The joint action included federal prosecutors in New Jersey and Washington, the Federal Reserve, the Office of the Comptroller of the Currency and other Treasury authorities.

“This is a sad day in our history, for which we are very regretful,” TD Bank’s chief executive, Bharat Masrani, said. The bank announced last month that Mr. Masrani would retire in April.

The chairman of the bank’s board, Alan MacGibbon, said in a statement that it would continue to “take action to address these failures and hold those responsible accountable.”

TD Bank Group — Canada’s second-largest bank, with about 1,100 branches in the United States — disclosed last year that it was the subject of a U.S. Justice Department investigation into its anti-money-laundering compliance. In April, the bank reported that it was also in discussions with three American banking regulators about penalties for failing to follow anti-money-laundering laws.
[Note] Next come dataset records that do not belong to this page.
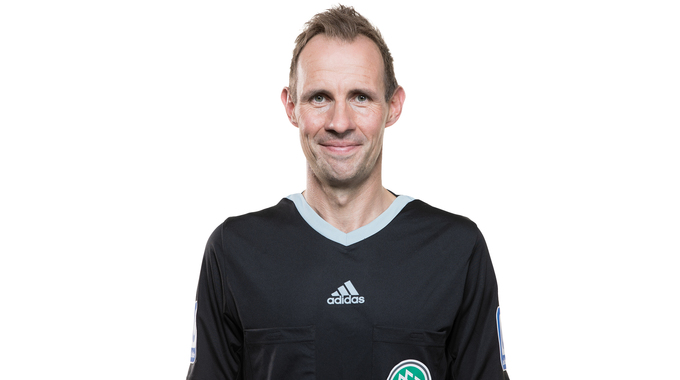 Profilbild vonSascha Stegemann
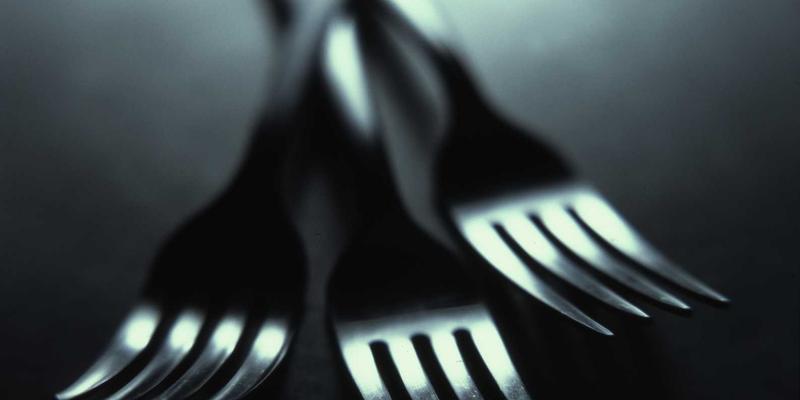 行业解决方案与数据分析：构建区域经济监测与产业竞争力动态评估服务平台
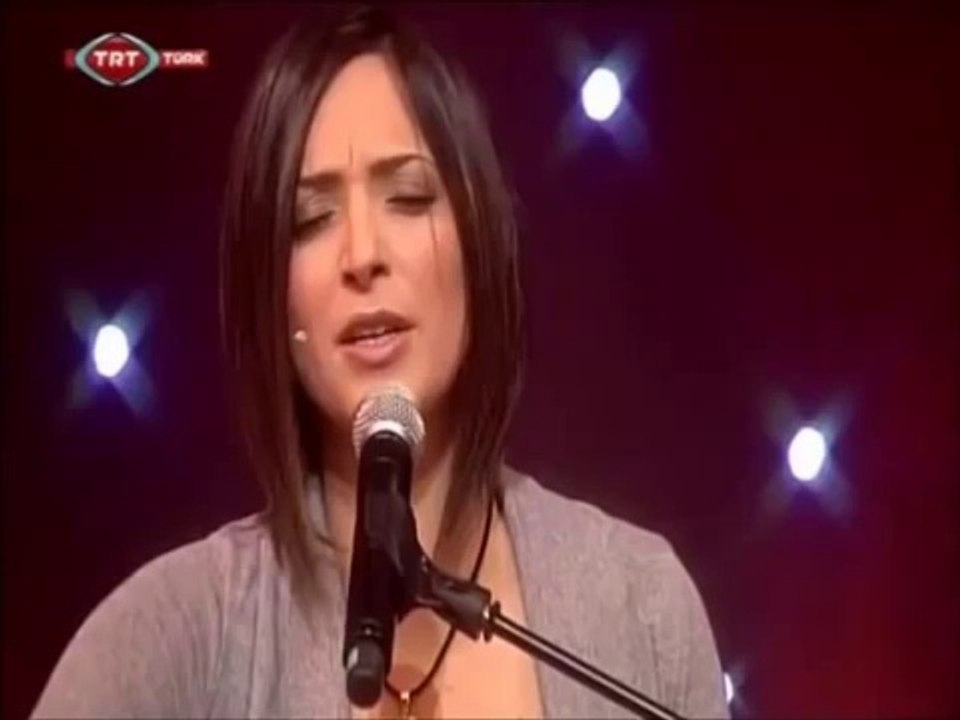 SesliSohbetFull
At that time, the bank set aside $450 million in reserve for the fines it anticipated, but it warned investors that the final cost could be higher. In August, the bank put an additional $2.6 billion in reserve for the penalties it anticipated. To raise that cash, TD Bank sold 40.5 million shares of Charles Schwab stock, reducing its ownership stake in the banking and brokerage company to just over 10 percent from 12 percent.

Last year, TD Bank agreed to pay $1.2 billion to settle claims arising from a $7 billion Ponzi scheme involving Stanford Financial, a bank that collapsed in 2009. TD Bank was accused of continuing to do business with Stanford despite obvious red flags about its operations and the fraudulent certificates of deposit that Stanford sold to more than 20,000 customers.

The swirling investigations scuttled TD Bank’s planned acquisition of Memphis-based First Horizon Bank, a $13.4 billion takeover that was announced in early 2022 before being abandoned last year because of problems obtaining regulatory approvals. TD Bank paid First Horizon a $200 million breakup fee.

TD Bank has spent 500 million Canadian dollars (about $365 million) on improvements to its money-laundering controls, Mr. Masrani said in May. Late last year, the bank hired Herb Mazariegos, formerly of the Bank of Montreal, to run its global anti-money-laundering program.

TD Bank’s U.S. branches stretch along the East Coast from Maine to Florida. It has nearly as many branches spread across Canada, where the bank is also known as Toronto-Dominion. It is the 10th-largest bank in the United States, according to Federal Reserve data.

In settling, TD Bank agreed to retain an independent monitor to oversee its anti-money-laundering efforts, and to invest more in the program overall.